As far as I can tell this code always results in an answer equal to BETA regardless of changing inputs. Additionally when I brake out the two addition terms: (lat2-lat1)*BETA*(lat2-lat1)*BETA and (long2-long1)*delta*(long2-long1)*delta), and compute them separately I get a result of "0". I have been trying to wrap my head around what is wrong without success for a day now. Any suggestions for things to try would be appreciated.
Thanks in advance.
But the big thing here is of course that earth is not flat, so pythagoras is no fun to use except for very small areas - unless the goal is to bild a straight tunnel (which would feel like a downhill slope followed by an uphill slope if really long).
The wikipedia entry for evaluating the great-circle distance is: en.wikipedia.org/.../Great-circle_distance
But the simplification of computing using an averaged earth radius instead of caring about earth being oblongated will still give _way_ better results than the naive pythagoras.
What quality that is needed comes back to the original question: what is the evaluation intended to be used for?
Note that a PC using single-precision arithmetic will not compute in the same way that the Keil code does. When Keil multiply two float values they do it in single precision. A PC will have extended precision for intermediate operations. Most PC compilers then have compilation flags to control if the generated code should follow the IEEE regulations for storing back intermediate results into limited-sized variables or if the compiler should keep the intermediate values in the floating-point registers (which normally are 80-bit large).
But in your case, you will get very large numbers because you do not divide with 2*pi before you square.
earth is not flat, so pythagoras is no fun
It's not quite that bad. As I said, the formula uses Pythagoras on arc lengths instead of straight lines (secants). I.e. roads, not tunnels.
But yes, a less incorrect function would have to go from arcs to secants, use Pythagoras, then convert the resulting secant back into a surface arc.
That's got nothing to do with the problem. Given his input coordinates are in radians, dividing by 2*pi would be correct only if accompanied by multiplying the result by (2*pi)^2 afterwards --- a waste of effort for nothing unless intermediate results were in danger of hitting overflow. Which they aren't.
If one really wanted to reduce number scales, it's the earth's radius in meters that should be factored out:
ecc=ALPHA/BETA # a constant
arc_lat = lat1 - lat2 arc_long = ecc*cos(lat1)*(long1-long2)
result_angle = hypot(arc_lat, arc_long)
result_meters = result_angle*BETA
Thanks all for the help, I believe I have resolved this with your help.
arc_lat = lat1 - lat2; part1 = cos(lat1); part2 = long1-long2; arc_long = ECC*part1*part2; part1 = pow(arc_lat,2); part2 = pow(arc_long,2); return BETA * sqrt( part1+part2 );
Without using pow() I could not get valid results for computing the hypotenuse...
This algorithm is used for short distances.
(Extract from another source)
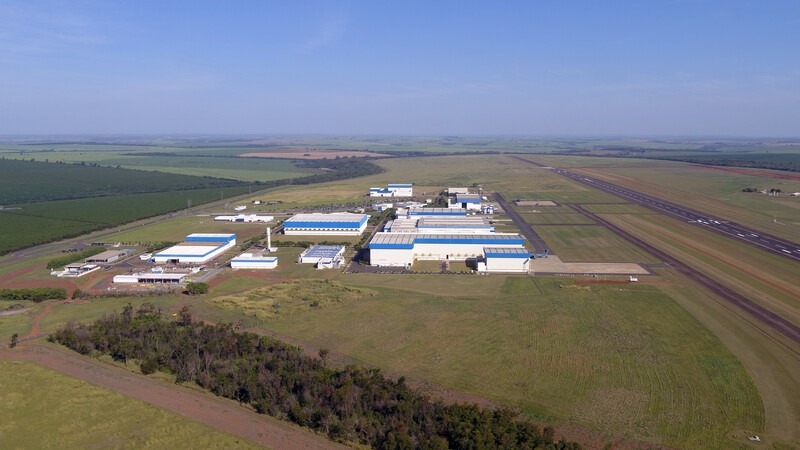 Embraer comemora 20 anos do início das operações em Gavião Peixoto
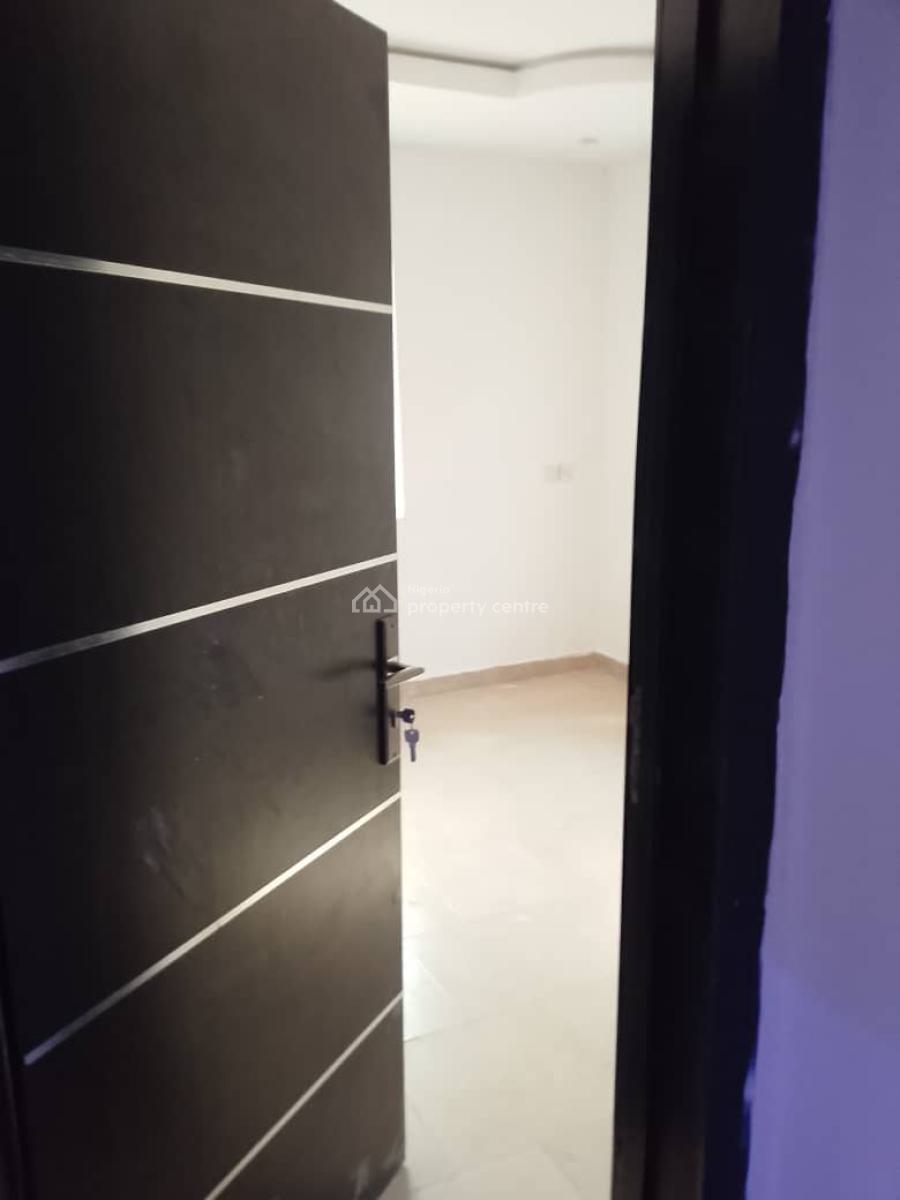 Luxury 2 Bedroom Flat, Agunfoye, Igbogbo, Ikorodu, Lagos, Flat / Apartment for Rent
For that reason these assumptions produce what I would call an acceptable error (1 to 2 meters of error for a 500m measurement). While more elegant solutions are possible, it does not mean they are necessary. If I ever did find a need to squeeze more accuracy out I could always use more locally defined radii for the specific area of interest.
Thank you for your suggestions, regardless.
So are you telling us that not only did you observe a difference between pow(x,2) and x*x here, but pow(x,2) was closer to correct? Now that would be seriously worrying. If there's a difference at all, it's pow() that should be less precise than simple multiplication.
What were the actual results for both methods?
What I mean by invalid results was the same supposed cancellation problem we were discussing before. x*x resulted in a 0 answer where pow(x,2) gave me an acceptable result.